ただ、その後の民族対立が激化した結果、パレスチナに居住するアラブ人のことが無視され、現在に続く大問題を引き起こした。
相手方から見たイギリスの不誠実
[編集]上記のように三協定は文言上は矛盾がないとの解釈も不可能ではない。しかし、1917年11月にロシア革命によって誕生したロシア革命政府によって旧ロシア帝国のサイクス・ピコ協定の秘密外交が明らかにされ、この秘密外交を知らなかった相手側にとっては複雑で不可解なものとしてイギリスは非難を浴びた。
- アラブ側
- アラブ側の中にはフサイン=マクマホン協定でのアラブの独立はイラクを含めたアラブ統一独立国家を模索しており、英仏勢力圏下でそれぞれ独立するとは考えていない者もいた。また当面の間は事実上、イギリスがシリア南部(現在のイスラエル・パレスチナ地域とヨルダン)と南メソポタミア(北部を除くイラクと、アラビア半島のペルシャ湾岸)を、フランスがシリア地域の大半とイラク北部を支配するサイクス・ピコ協定を知らされていなかった。そのためアラブ側は自身が想定していたより小さい範囲でしか統治できず、それらの地域さえフランスの影響下に置かれることとされたため、イギリス側への不快感を増大させた。
- ユダヤ側
- ユダヤ側から見れば、バルフォア宣言でエルサレム市を含めたパレスチナ地域での独立したユダヤ国家建設がイギリスによって支援されると考えていた。
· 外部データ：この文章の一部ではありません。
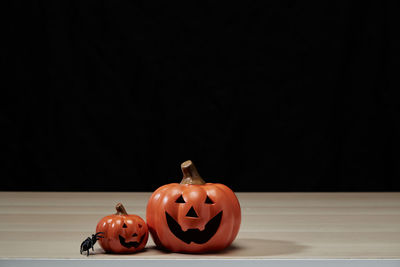 Close-up of pumpkin on table against black background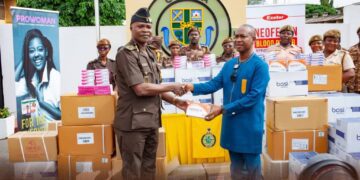 A Ghana Prison Service official receiving the donations from Ernest Chemist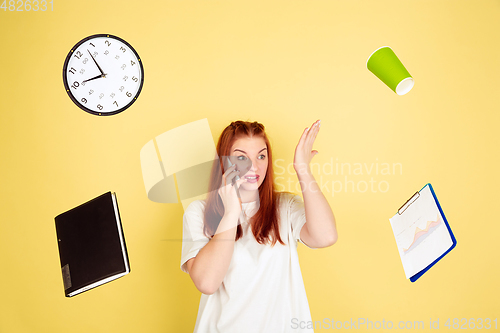 Image of Caucasian young woman\'s portrait on yellow background, too much tasks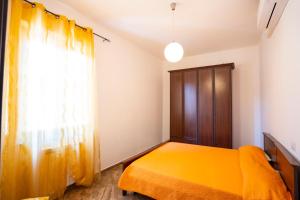 Ένα ή περισσότερα κρεβάτια σε δωμάτιο στο Peppe's home Tropea-Capo vaticano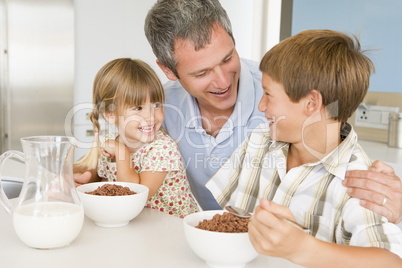 Father Sitting With Children As They Eat Breakfast
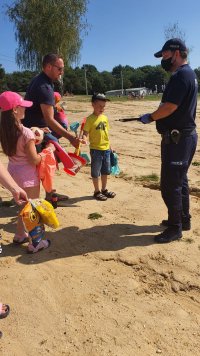 Policjant stoi na piaszczystej plaży i przekazuje prezenty dzieciom.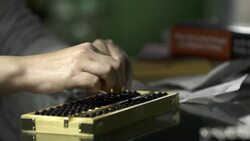 Accountant Using Traditional Chinese Maths Tool Abacus Stock Footage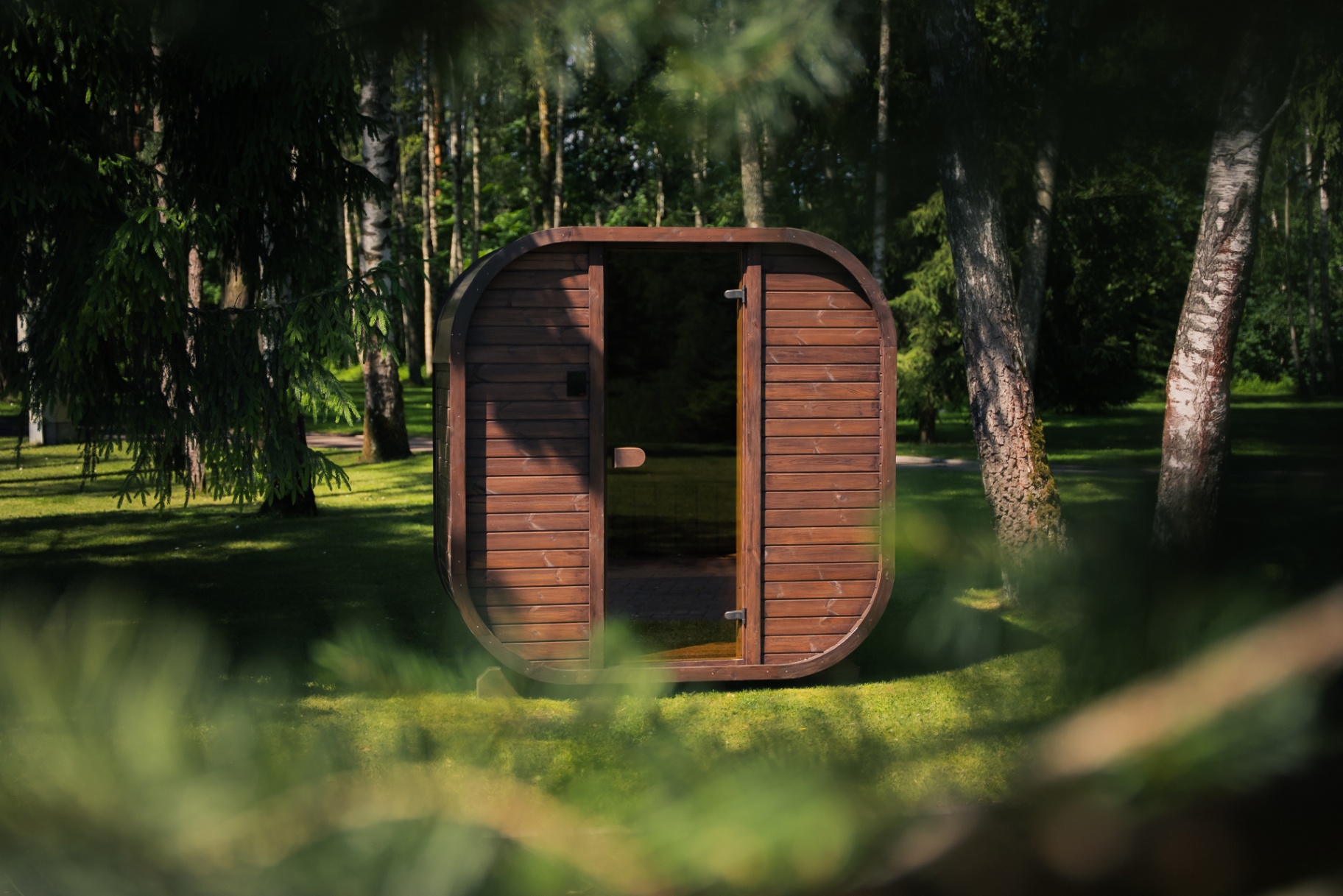 Ula Mini curved cube sauna in teak finish | Signature Garden Rooms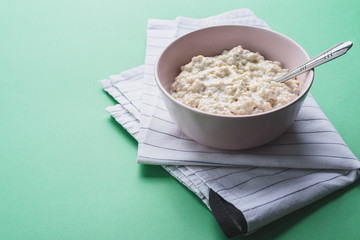 Oatmeal in a pink plate with a spoon on a white cloth, green background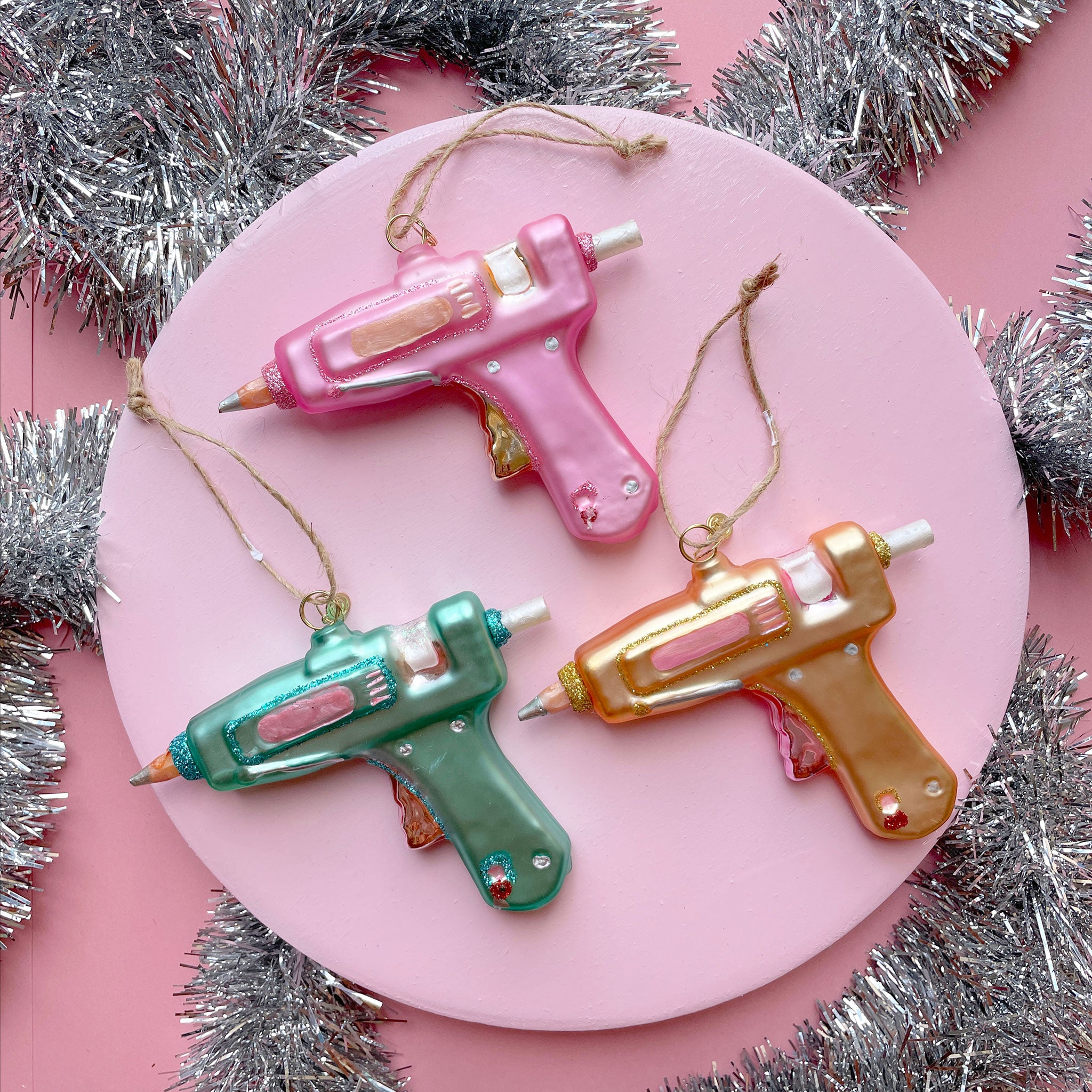 Hot Pink, Blue, and Yellow glass hot glue gun ornaments surrounded by silver tinsel.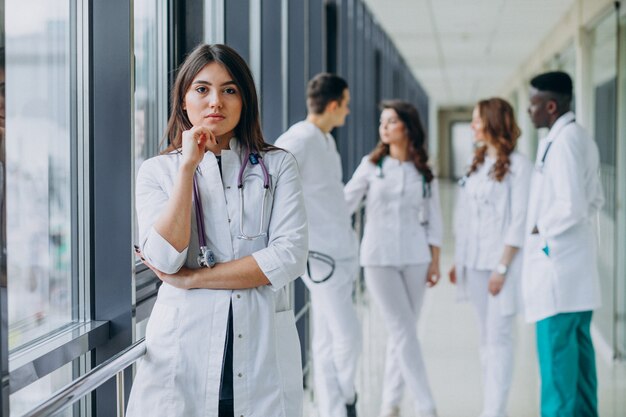 Joven doctora posando en el pasillo del hospital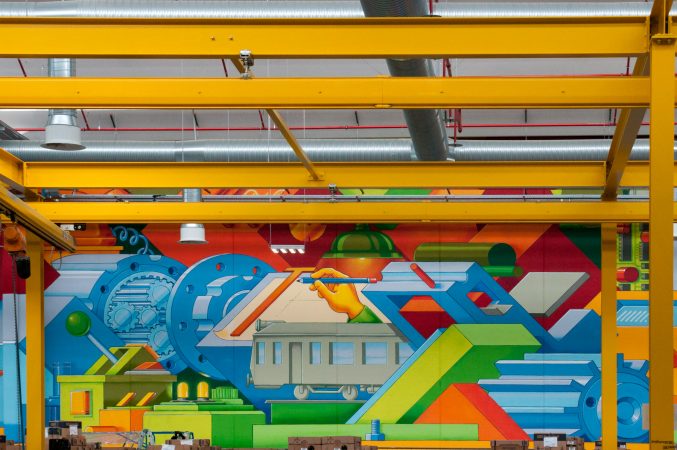 Detail of a big wall painting inside a factory warehouse representing the evolution of the company in the industrial era. Wall painting by Dado.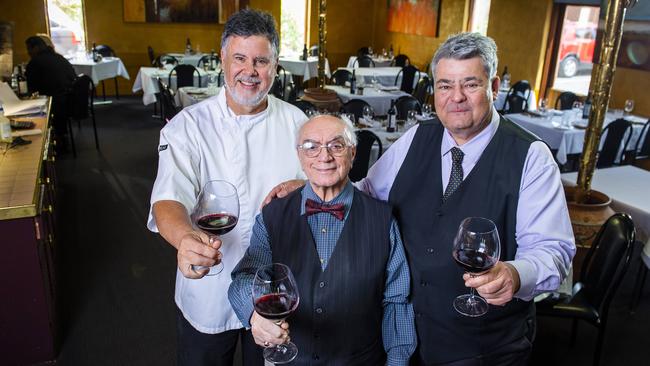 SA restaurant Cork and Cleaver owner Stratos Pouras (centre) with his head chef Greg Favretto and manager Jim Boutsis who have worked their for most of their lives and are retiring when the Cork and Cleaver closes its doors for the final time after almost 44 years. Picture Mark Brake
確かに文言では「ユダヤ民族居住地建設」となっているが、それではユダヤの悲願であるパレスチナ地域での独立したユダヤ国家建設は達成されない。また、サイクス・ピコ協定ではパレスチナを国際管理すること、フサイン=マクマホン協定を結んだフサイン・イブン・アリーもエルサレム市の行政権を主張していることは、聖地エルサレムを含むパレスチナ地域での独立したユダヤ国家建設の障害になるものであった。ただし、一番決定的なのは1939年の「マクドナルド白書」によるユダヤ人国家の否定(ユダヤ人移民の制限と、10年以内のアラブ人主導によるパレスチナ独立国の創設がうたわれていた)であり、エツェルやレヒなどの過激派が反英テロに走ることになり、ベングリオンら穏健派も、イギリスに頼ることをあきらめて自力で国家建設を目指すことになった。それに前後してドイツではNSDAPが政権を握り、ユダヤ人に対するホロコーストが横行する。さらに第二次世界大戦においてナチス・ドイツがヨーロッパを席巻し、枢軸国の敗戦に至るまでの数年間はユダヤ民族が絶滅の恐怖に晒されることになる。このため戦後には、長らく独自の国家を持たなかったユダヤ人には自民族の維持のための国民国家建設が必須と考えるシオニズム運動が従来以上に活発化し、1948年のイスラエル建国に結びついた。
なお、三枚舌外交は第二次世界大戦後にイスラエルが建国されたことによるパレスチナ問題が大きく注目されるが、アラブにとってはシリア南部と南メソポタミア、さらにトルコ・シリア・イラク・イランなどにまたがるクルディスタンなどにも影響が及んでおり、必ずしもパレスチナ地域やユダヤ人・アラブ人だけの問題ではない。